How To Change Your Brake Pads - Edmunds.com


----------



## Gto-noob (Nov 25, 2011)

thanks soo much bro im going to get right on nit


----------



## C'VilleGTO (Sep 10, 2010)

So I am in the same boat here finally changing out the brakes. I have an 05. I read that I need to replace the "torque to yield bolts" that hold the calipers in place with new bolts & washers. Is this something that really needs to be replaced every time you remove the calipers or is this just a revenue generating thing? 
I am going with DBA 4000 t3 slotted rotors with Hawk HP ceramic pads if that makes a difference.


----------



## 6QTS11OZ (Mar 27, 2005)

C'VilleGTO said:


> So I am in the same boat here finally changing out the brakes. I have an 05. I read that I need to replace the "torque to yield bolts" that hold the calipers in place with new bolts & washers. Is this something that really needs to be replaced every time you remove the calipers or is this just a revenue generating thing?
> I am going with DBA 4000 t3 slotted rotors with Hawk HP ceramic pads if that makes a difference.
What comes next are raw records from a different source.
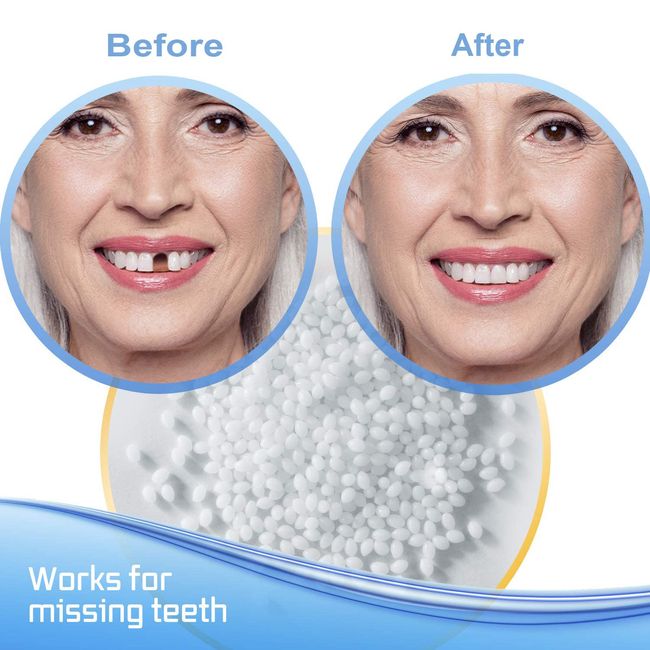 Tooth Repair Kit-Thermal Fitting Beads Granules and Fake Teeth for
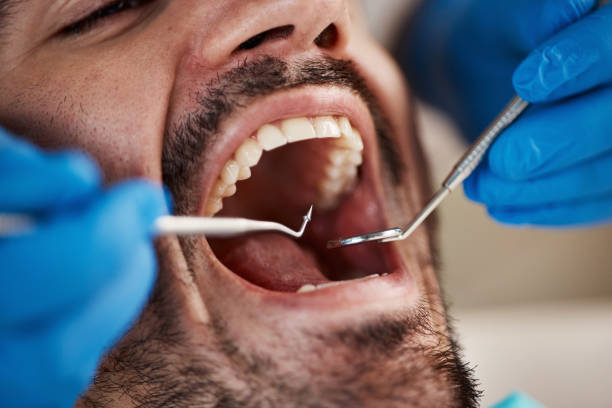 Best Emergency Treatment for Dental Infections or Abscesses in Centreville, MD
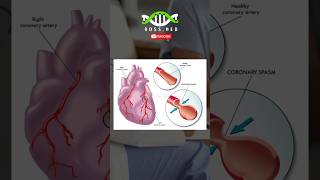 ANGINA PRINZMETAL EN 1MIN medicina angina doctor hospital dolor [upl. by Olmsted]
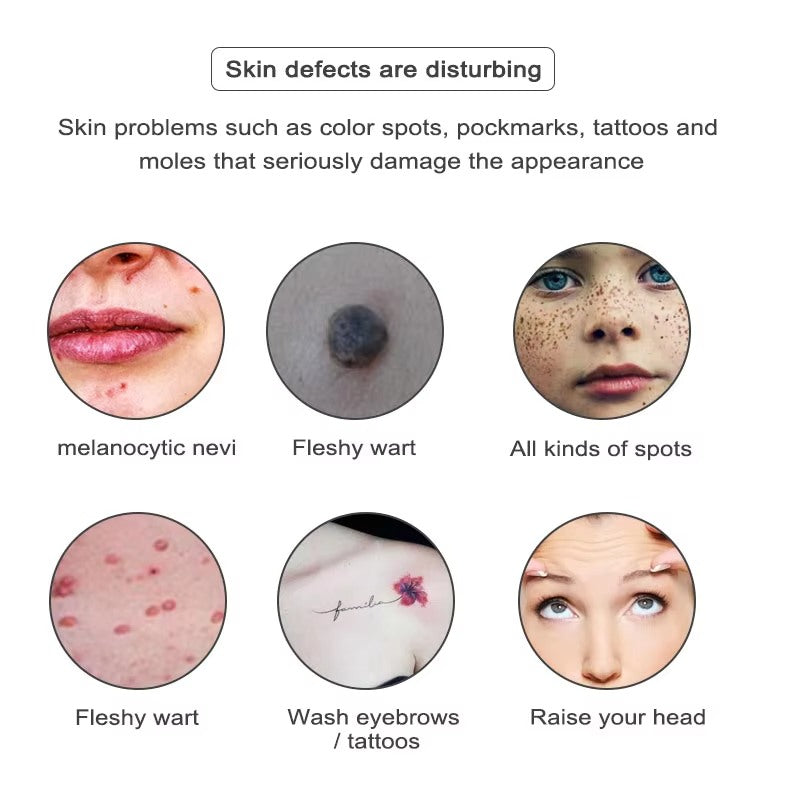 Laser Pen for Mole, Tattoo, Dark Spot, Acne Removal at Home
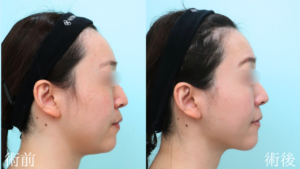 『輪郭施術で垢抜けを。本来の美しさを引き出す『顔の脂肪吸引』。』の画像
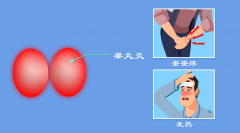 睾丸炎患者应该注意哪些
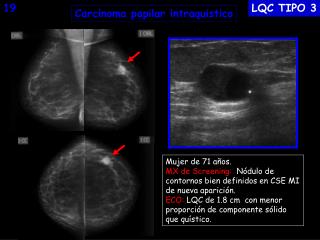 Carcinoma papilar intraquistico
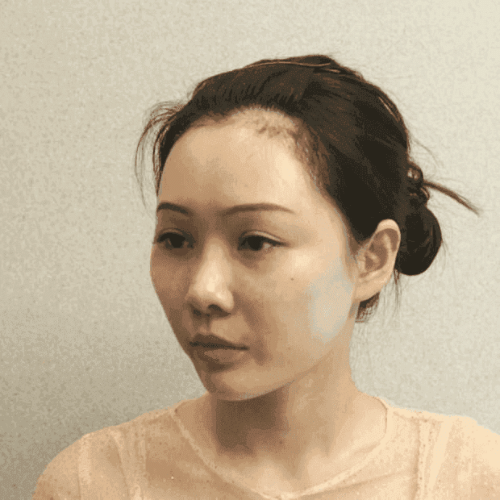 北京八大處磨骨多少錢？2022價(jià)格表曝光+磨骨案例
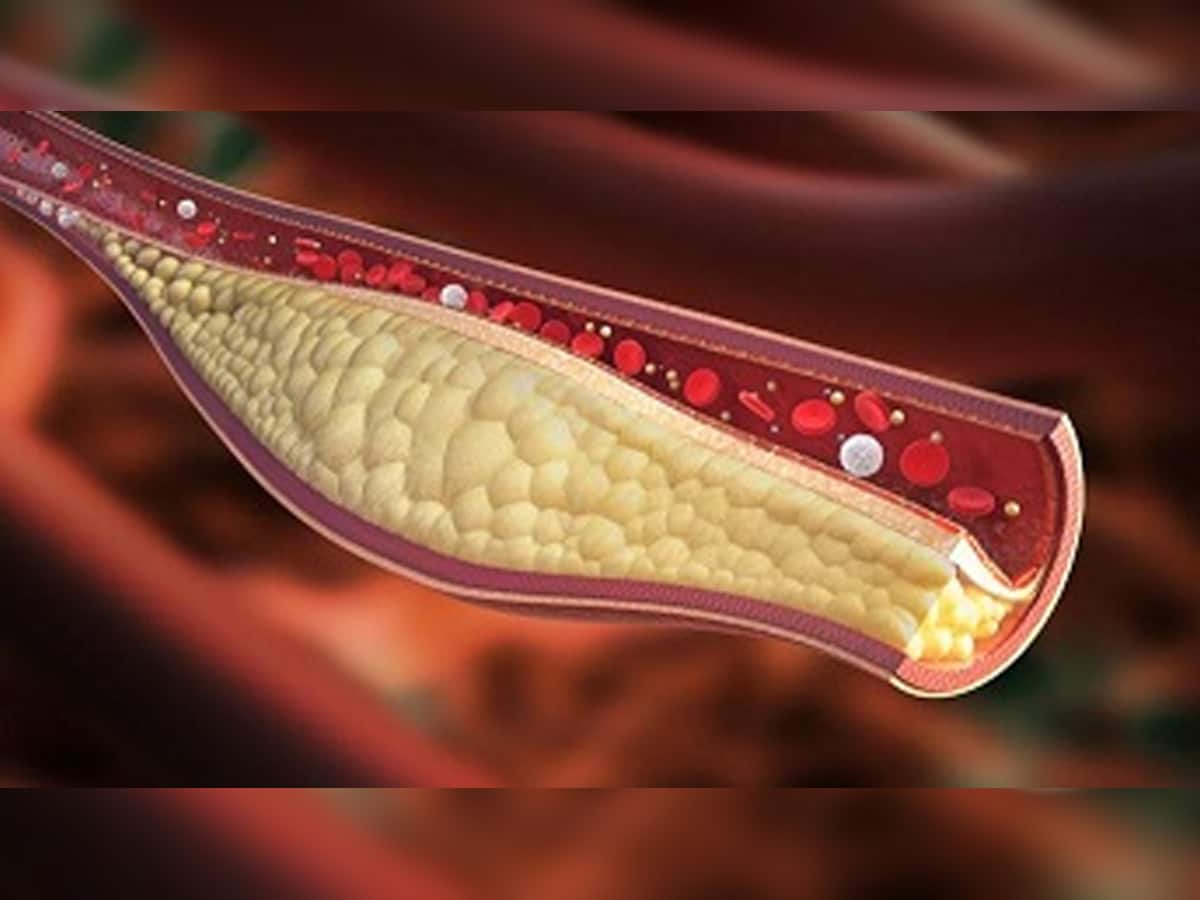 High cholesterol warning Signs: શરીરમાં કોલેસ્ટ્રોલ વધવાના આ 5 વોર્નિંગ ચિહ્નો, હળવાશમાં લેવાની ના કરતા ભૂલ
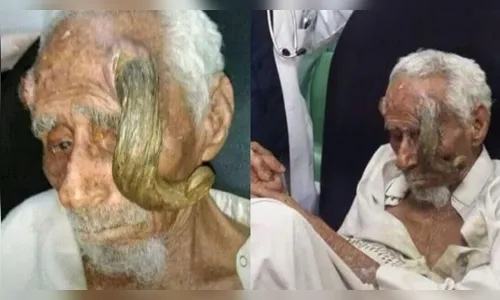Homem que dizia ter 140 anos morre após cirurgia para tirar 'chifres'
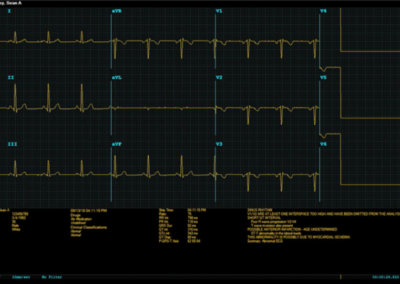 ECG Telemedicina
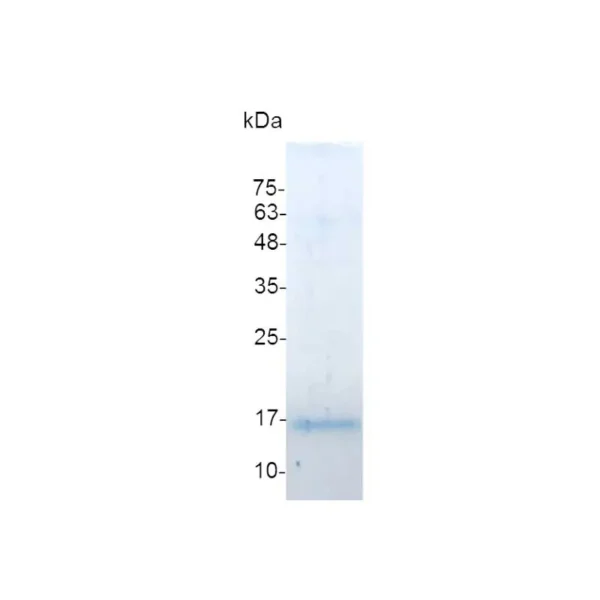 Galectin-13, Human - Image 2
I've changed out hundreds of pads and never replaced those bolts on any car I've owned or worked on and haven't had any problems in almost 30 years of changing pads.


----------



## jpalamar (Jul 22, 2008)

X2. I've never replaced those bolts either.

I do have an OCD issue of cleaning each bolt off with a wire brush and also use a dab of locktite.


----------



## C'VilleGTO (Sep 10, 2010)

Thanks for your help, time to go to work. I thought it was a little over the top to be replacing them but just wanted to double check.


----------